冨澤さんは、かるたの魅力を「老若男女を問わず、夢中になればどんな人でも青春時代を感じられる。知力、体力、精神力で戦うのが快感」と話す。
多くの人たちの情熱が、かるた王国を支えていた。小学生のころ、校内百人一首大会で上位に食い込んだ自分も、その一端を担っていたというわけか。よし、久しぶりに腕前を披露してみよう。
栗原道場で挑戦を申し出ると、相手をしてくれたのは小学生。でも、読み手が上の句を詠み始めた瞬間「バシッ」。こちらは札を探す間もなく、文字通り「手も足も」出ず完敗だ。今後も「かるた王国」の名は揺るがないと確信した次第。

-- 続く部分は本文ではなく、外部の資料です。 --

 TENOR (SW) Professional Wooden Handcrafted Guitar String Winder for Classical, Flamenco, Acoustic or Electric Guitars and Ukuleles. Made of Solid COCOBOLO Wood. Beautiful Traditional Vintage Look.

競技かるた 1904(明治37)年にルールが統一された。百人一首の100枚の字札のうち、50枚を使用。裏返した状態でよく交ぜ、25枚ずつを自陣と敵陣の畳に上段、中段、下段の3段に分けて並べる。自陣の札をとった場合、その札が1枚減り、敵陣の札をとった場合は自陣の札を1枚送ることができる。自陣の札を先に無くした方が勝ち。